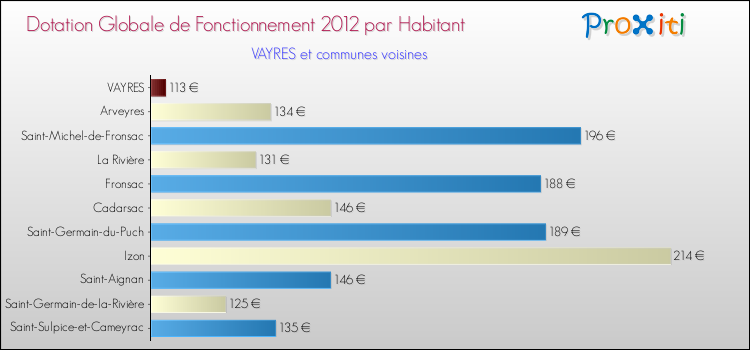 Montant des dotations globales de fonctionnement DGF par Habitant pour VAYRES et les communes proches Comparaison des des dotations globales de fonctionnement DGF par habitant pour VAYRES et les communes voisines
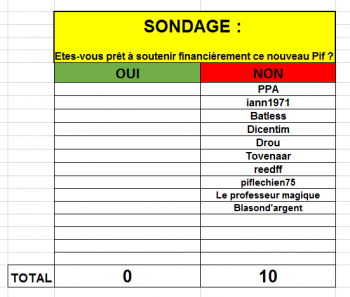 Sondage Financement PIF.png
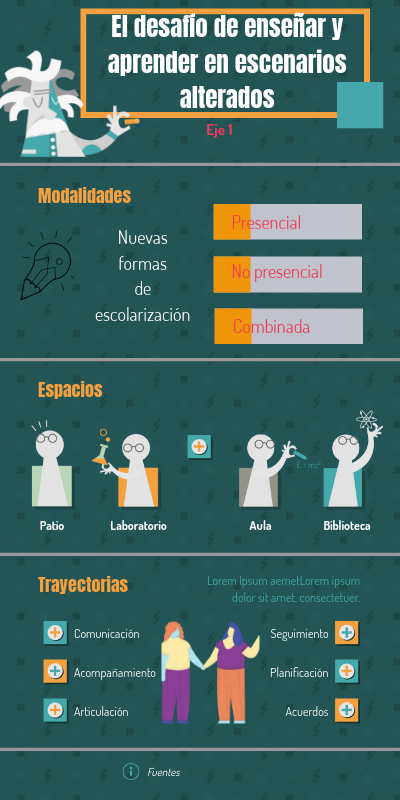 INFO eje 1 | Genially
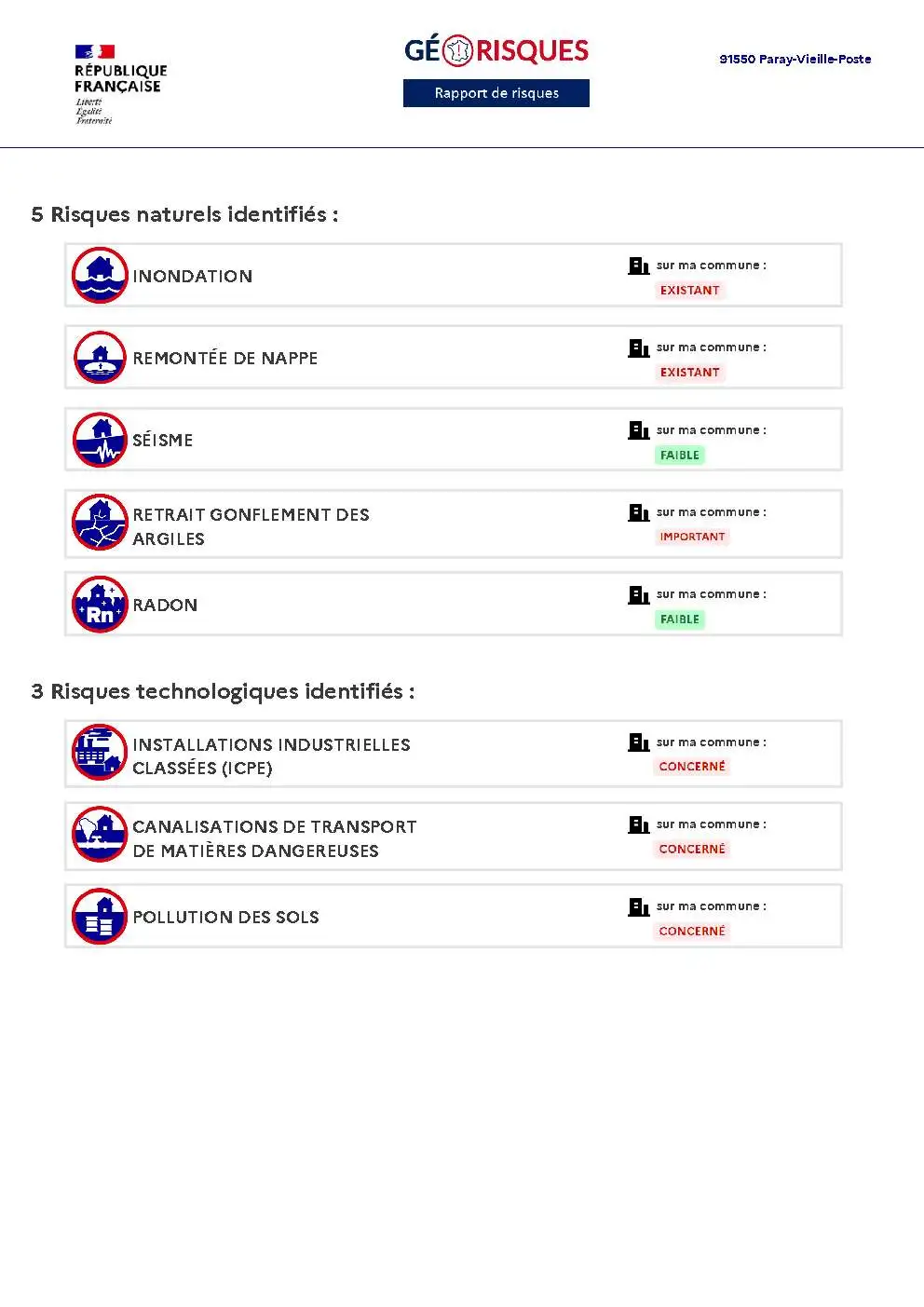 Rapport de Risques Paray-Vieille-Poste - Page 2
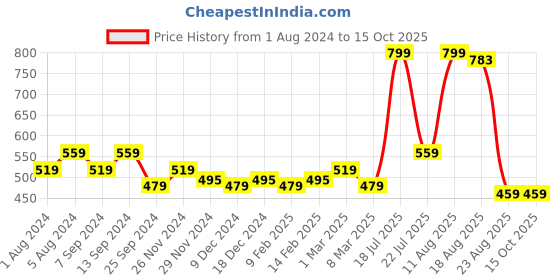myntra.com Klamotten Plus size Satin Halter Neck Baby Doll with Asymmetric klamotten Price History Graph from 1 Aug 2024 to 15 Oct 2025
---
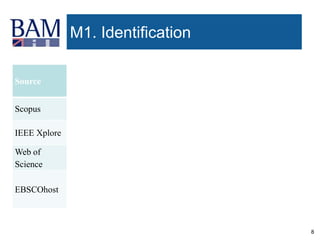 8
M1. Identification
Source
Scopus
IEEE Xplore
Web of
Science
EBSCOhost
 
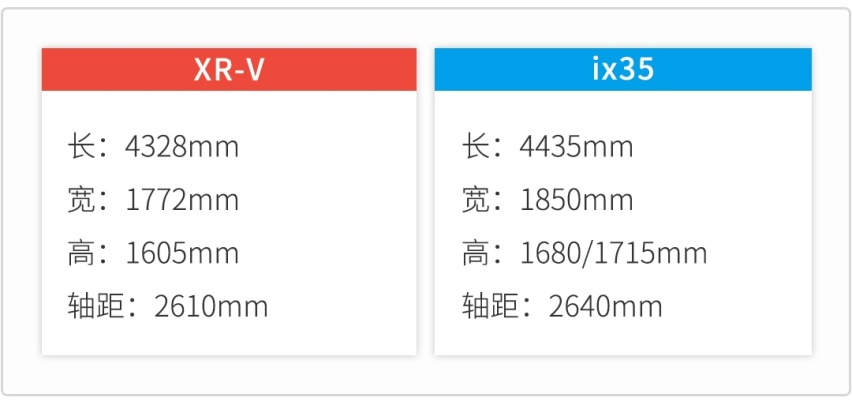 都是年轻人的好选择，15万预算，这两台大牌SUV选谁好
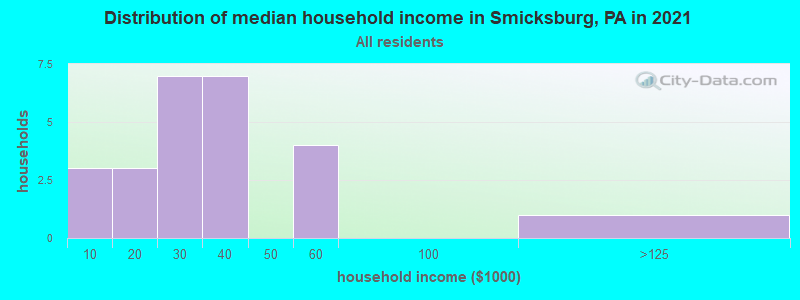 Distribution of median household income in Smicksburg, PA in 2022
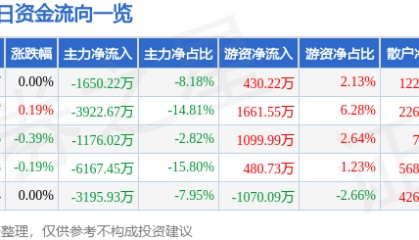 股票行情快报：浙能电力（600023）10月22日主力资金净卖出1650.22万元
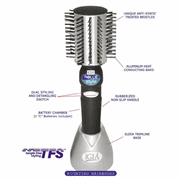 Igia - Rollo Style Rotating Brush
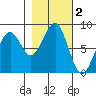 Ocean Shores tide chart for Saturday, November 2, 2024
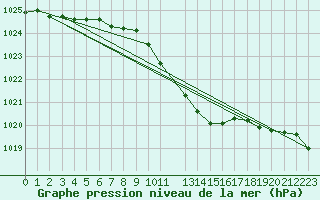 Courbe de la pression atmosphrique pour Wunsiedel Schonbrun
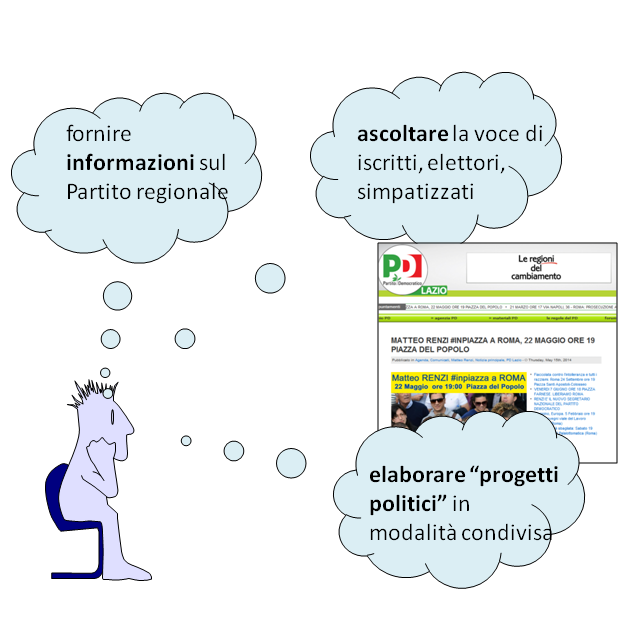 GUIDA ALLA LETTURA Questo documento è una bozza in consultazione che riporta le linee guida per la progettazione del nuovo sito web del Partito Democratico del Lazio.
---
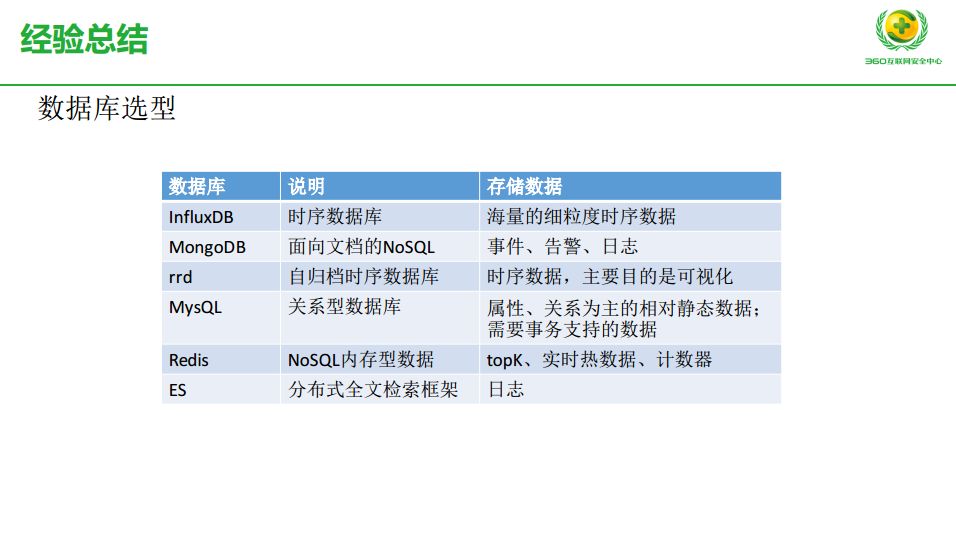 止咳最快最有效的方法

**TASK REQUIREMENTS**
Starting at the line containing "Montant des dotations" and stopping at the line containing "INFO eje 1 | Genially", output each line exactly as it appears above. Leave out the pictures.

**WRITTEN ANSWER**
 Montant des dotations globales de fonctionnement DGF par Habitant pour VAYRES et les communes proches Comparaison des des dotations globales de fonctionnement DGF par habitant pour VAYRES et les communes voisines
 Sondage Financement PIF.png
 INFO eje 1 | Genially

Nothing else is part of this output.